Im trying to set up an ad-hoc network between 2 laptops running Windows XP. Im using the windows wireless network configuartion tool. Both laptops indicate that they are connected to the ad-hoc network with the same SSID. However I am unable to ping either laptop from the other. i get the message 'request timed out'.

If the laptops are connected to a wireless router access point, they can successfully communicate with each other. However, i need to get them to communicate in ad hoc mode for a college project.

Things I've tried so far:
- set the ip address manually to 192.168.1.100 & 192.168.1.101
- disabled windows firewall on both machines
- ensured there is no other other firewall software running on either machine
- checked their wireless card settings: IBSS channel number is 11 on both

Im still having the same issue however. Is there anything else anyone can suggest to solve this? Its really impportant for me to get this working so any help would be much appreciated


----------



## JohnWill (Oct 19, 2002)

There is some sort of firewall enabled if they're actually connected and can't ping. My guess is something is still not connected.

Have you turned off encryption, and configured the wireless client for Ad-Hoc connections only? Do you actually see the other machine and successfully connect to it?


----------



## ccaffrey (Aug 15, 2007)

Thanks JohnWill. I had encrtypion enabled. I had authentication set to Open so I guess i just overlooked the encryption setting

It works now anyways. Thanks again


----------



## JohnWill (Oct 19, 2002)

*You can mark your own threads solved using the thread tools at the top of the page in the upper right corner.©*


----------



## foreigner737 (Sep 18, 2007)

Hi Ccaffrey,

I have read your post completely and I can say I have exactly the same problem with pinging. 
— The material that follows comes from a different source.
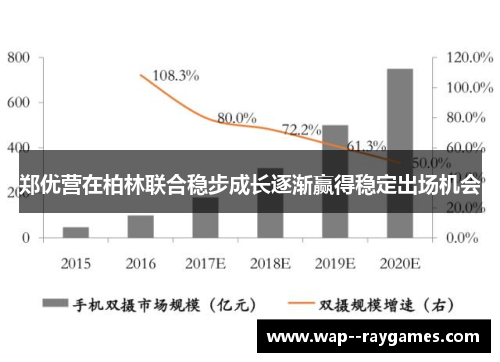 郑优营在柏林联合稳步成长逐渐赢得稳定出场机会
I have been all the 4 steps through you also have been but could not get it work.
What was the last thing you have changed or set before the clients begin to ping each other?

Thank you for an answer.


----------



## ccaffrey (Aug 15, 2007)

hi,

in network settings, right click on your wireless connection and select properties. set network authentication to open and data encryption to disabled. 

i hope that helps


----------